Current Affairs

President Zourabichvili says Trump has chance to stand up for Georgia

Salome Zurabishvili has a message tailored to President Donald Trump’s “America First” principle in Washington.

The fifth president of Georgia – a small country with a population of just 3.7 million but strategically located along the Black Sea in the Caucasus region of central Europe – is the de facto standard-bearer of Georgia’s popular opposition movement. She says her homeland’s democracy and Western values ​​are under threat. But that’s not why the United States cares. Instead, Ms.

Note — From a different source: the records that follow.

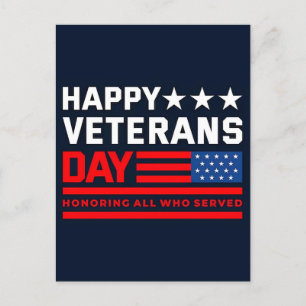 Danke für Ihren Dienst: Veterans Day 2025 Feiertagspostkarte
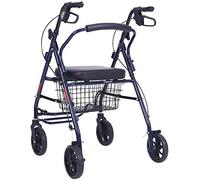Andador con andador, estructura para caminar, ayuda, carrito de compras de movilidad ligero, plegable con asiento y cesta, interesante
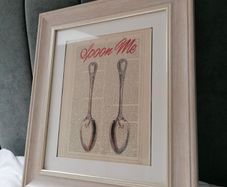 Framed print. Nice housewarming gift!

Zurabishvili points to at-risk US interests in a region that have shifted in recent years in favor of Russia, China and even Iran.

“Democracy we have to defend; “This is the work of the people who are on our streets every day,” she told a crowd of journalists organized by Al-Monitor in Washington on Wednesday morning. “But if we’re talking about a strong America, a strong America starts in this very strategic region” that includes the Caucasus and the Black Sea.

Why did we write this?

Salome Zurabishvili, “Georgia’s only legitimate president,” warned during an observer breakfast that American interests could be at risk if her country and region fell under Russian control.

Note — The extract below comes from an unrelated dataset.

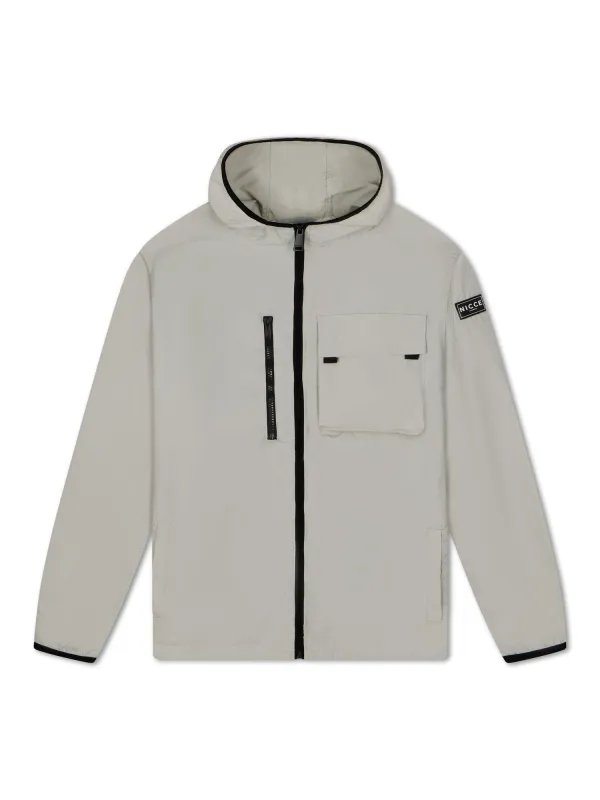 NICCE Mens Jayzen Overshirt | Chalk Grey sold by Nicce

Noting that “we are already a very strategic region for Russia,” she adds that it would be “a very big step back for America” to cede influence to an increasingly engaged Moscow and Beijing.

Ms. Zurabishvili refused to step down last December when Mikheil Kavelashvili was inaugurated as Georgia’s new president after elections that many Georgians and most Western countries described as rigged.

Zurabishvili, who called herself “Georgia’s only legitimate president,” has spent recent weeks resisting an opposition movement that has spread beyond the capital, Tbilisi, to dozens of small cities and towns.